Without a doubt once you enter into the catagory of tying and fishing streamer flies there is only one level left, salmon flies & fishing. The materials that one must gather and the skills that are developed in the construction of the classic feather wing streamers and the buck tail flies are on a par with the salmon flies and their tiers.
But it's not just about collecting materials is it; the feel, the thud, transmitted from the point of the hook all the way into the flesh of your rod hand is what makes a streamer fisherman. I love fishing, I loved bait fishing when I was a kid and the use of spinning lures as I gained experience, fly fishing was always the goal but it wasn't as easy as I thought it would be. I dabbled in every style that was related to the craft of fly fishing but when I felt my first 'dead stop thud' with one of my streamers tied on, well that pretty much cast the die through which everything else would have to pass and compare. I've been tying streamers since I made my very first fly it's been a learning experience since I was in the early teens and I'm still at it.
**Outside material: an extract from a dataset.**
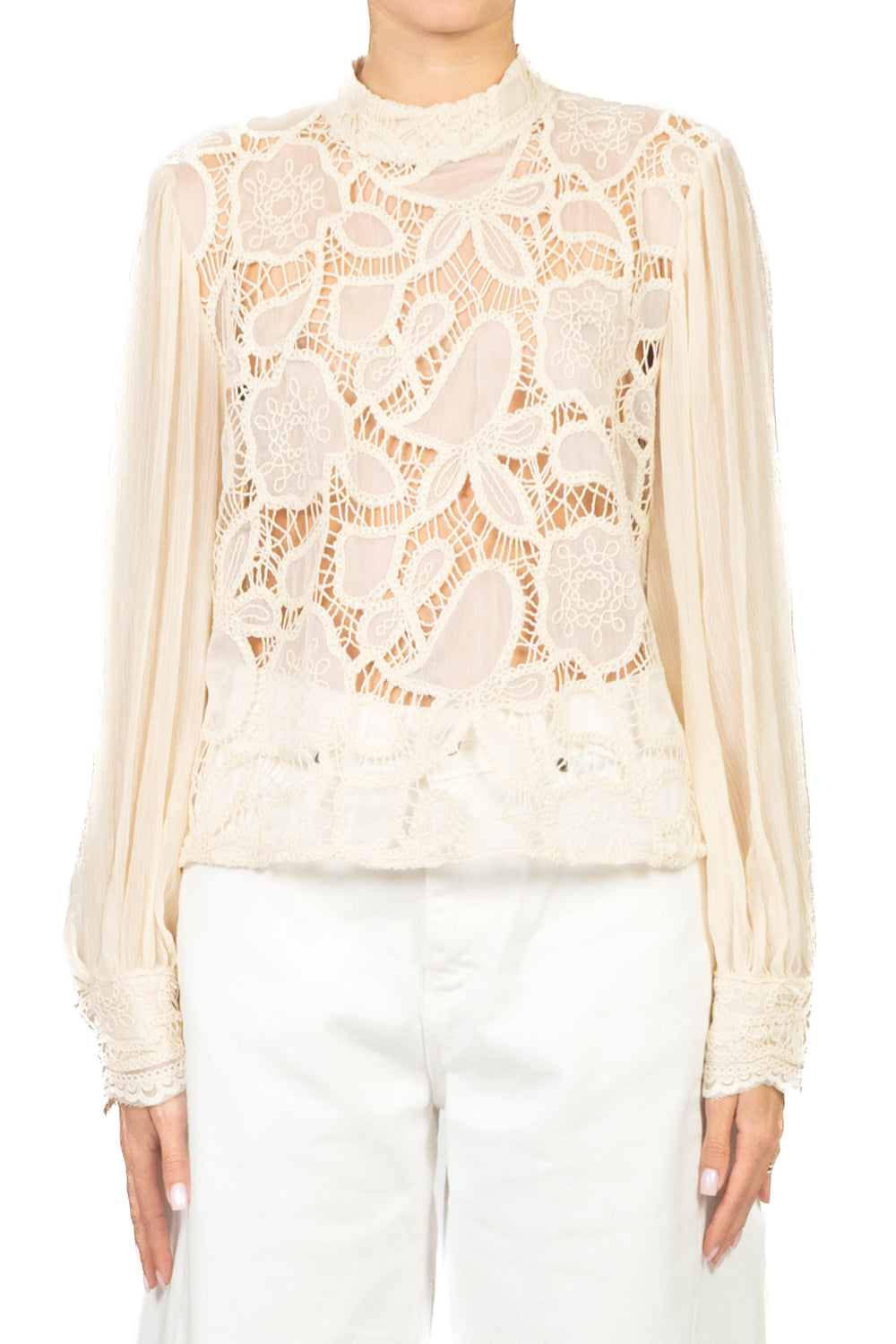 Tensione In - Blusa pizzo macramè Art. IK470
One thing that I know for sure is that my stubborn dogged pursuit of becoming a good streamer fisherman led directly to my success as a salmon fisherman. The art of controlling a submerged streamer fly, carefully guiding its course to the known lie of a brown trout or Brookie is the same skill needed to fish for salmon. I say this to those who dream of salmon fishing and of using classic style flies and presentation to fulfill that dream. If you have an eye on that ultimate fly fishing goal, then use every trout fishing trip as a salmon or steelhead training run. I spent innumerable years fishing the waters of North Central Pennsylvania until the ice and cold drove me off for the winter. When I was out there swinging those flies in creeks with names like Lycoming, Loyalsock and Big Pine, in my mind I was fishing the extreme North West Coast Rivers. Places I had not yet been but knew somehow I would and yes, Alaska the last frontier. I am thankful for all the time I spent fishing those big wet flies in my old home waters because it was that which made things easy here.
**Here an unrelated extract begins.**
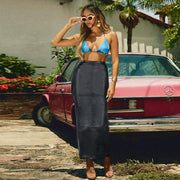 Patchwork Split PU Leather Half body Skirt GNZD 7662SG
Just like collecting dry fly supplies the gathering of materials for streamer tying is a life work.
Pictured here are two of my favorite streamer rods and both are used here every year still. The Graphite is an Orvis PM-10 9' #5 with a CFO IV as it's reel. The cane rod is a custom build by the Orvis rod shop from days gone by, an 8' #6 with a Hardy Princess that it was built to balance. Only God knows how many hours we've spent together.
The flies are a big part of the draw, here is an old pattern and a very effective one, The Light Spruce.
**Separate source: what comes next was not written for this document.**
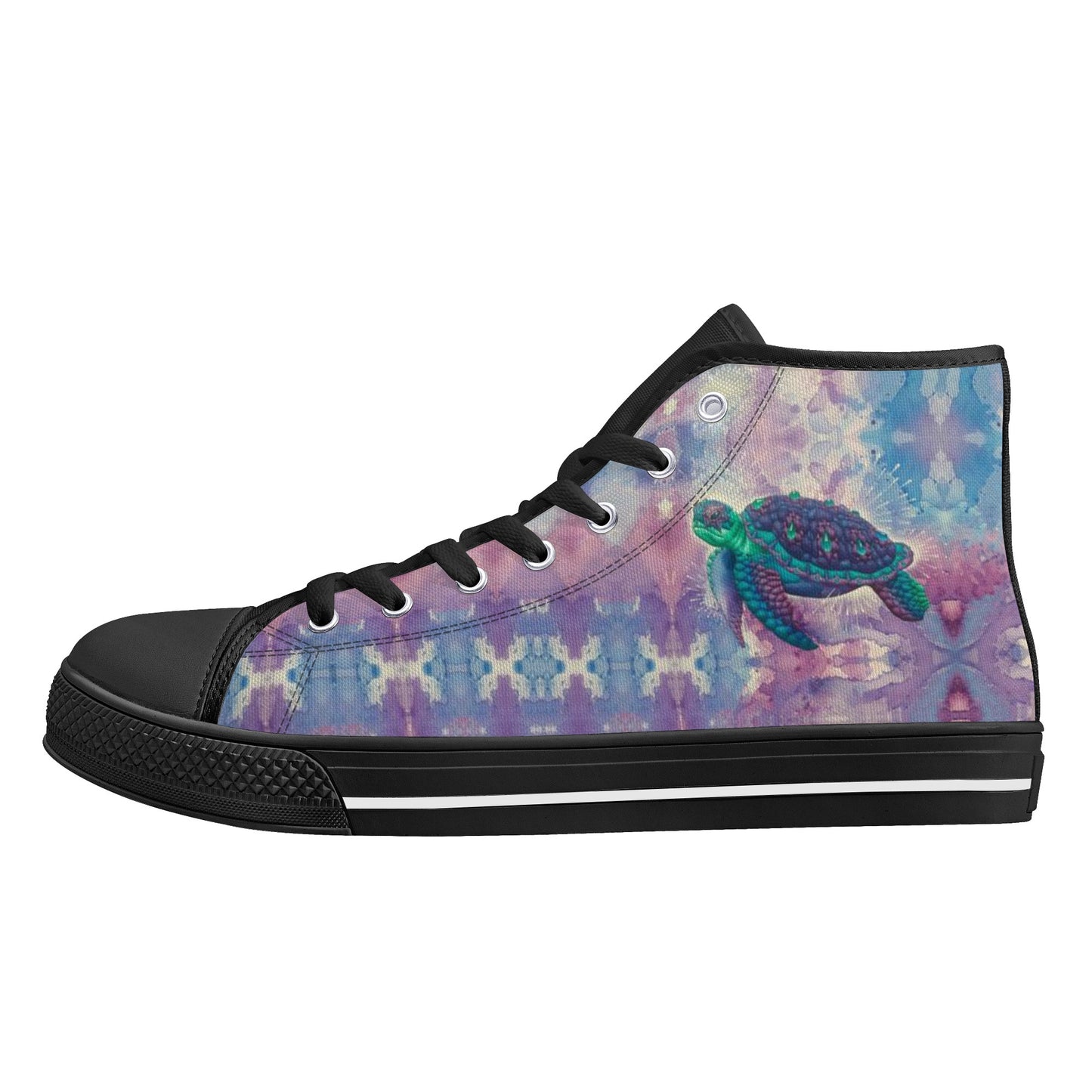 Space Turtle High Top Canvas Men's Shoes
An equal to it's mirrored pattern the 'Light' is The Dark Spruce.
Some old patterns that I simply enjoy tying and fishing;
I am fully aware that no discussion of streamer fishing can go forward without paying just dues to the venerable Woolly Bugger and the Buck Tail flies. Although I failed to include an original Olive & Black Bugger in the shot I do keep a bunch handy. The Bugger is probably the one pattern that I have seen the most variations of in all my experience with flies.
In My Buck Tail wallet I carry a few Thunder Creek patterns, a few Muddler variations, and a whole bunch of Whitlock Sculpins. The sculpin has proven itself to be a good answer when my pretty flies just can't seem to turn up a trout. They have also caught a good number of Silver (Coho) salmon.
That makes three threads, Dries, Nymphs & Wets, and Streamers. I could have tucked these away in my blog pages but decided with winter upon us I would stick some stuff out here on the discussion board to see if others will join in with pictures and stories.